YOUR TASK: "Smiling waitress taking an order in cafe" appears in one line of the listing below; retype that line and every later line exactly, stopping at the end, and nothing else.

SUPPLIED MATERIAL:
§ §

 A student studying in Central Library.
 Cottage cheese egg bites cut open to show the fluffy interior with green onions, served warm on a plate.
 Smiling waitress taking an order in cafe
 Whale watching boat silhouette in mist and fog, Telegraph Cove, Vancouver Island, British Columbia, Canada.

§ §

WRITTEN ANSWER:
 Smiling waitress taking an order in cafe
 Whale watching boat silhouette in mist and fog, Telegraph Cove, Vancouver Island, British Columbia, Canada.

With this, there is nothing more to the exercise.